A Story about a Rabbit is one of the very few literary texts for children written by the famous German avant-garde artist Kurt Schwitters. In this playful short tale, the rabbit (who keeps on hopping around the corner even when there is no corner around) goes through a series of metamorphoses: he becomes a bird, a fish, a pig, a hippopotamus, a fly, and even a steamship. In this way, the author shows the road to maturity as a process of role playing; at the same time he explores the possibilities of one of the oldest motives of western art: the metamorphosis as a fundamental premise of artistic creation. Although able to provoke a grown-up reader to serious thought, Schwitters’ story, with its quick pace and fine humour, stays light and accessible to the youngest audience.
How Wang-Fo Was Saved is one of a very few texts for children written by the great French novelist Marguerite Yourcenar, here translated into Croatian for the first time. In her story, inspired by a Chinese legend, with a master painter as the main protagonist, Yourcenar is posing fundamental questions about humanity and art in a simple, yet striking manner. Searching for the aesthetic pleasure the perfect master Wang-Fo discards the material world and its acclaim. However, an encounter with the Emperor reminds him that works of art are always about the world and part of the world – even if they eventually succeed in becoming a world in their own right and a sort of sanctuary.

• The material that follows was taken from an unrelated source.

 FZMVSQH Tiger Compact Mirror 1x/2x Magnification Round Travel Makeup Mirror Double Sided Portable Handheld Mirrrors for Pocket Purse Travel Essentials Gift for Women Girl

The Pursuit of Winter is the first text that a renowned Croatian poet wrote for children. The plot is triggered by the (unspoken) question: “Could something lovely become boring?” It obviously can, if it is only and always lovely, especially if the thing we are talking about is the weather. The picture book takes the reader – along with the animal protagonists, squirrel, wolf, deer, ants and birds – on a journey toward something absent but desired. And the miracle resides in the possibility to join forces and bring about the (unlikely) change.
The illustrations by Mingsheng-Pi make a perfect counterpoint to Kirin’s laconic and lyrical text. The illustrator received a Special Mention of the “Grigor Vitez” Award.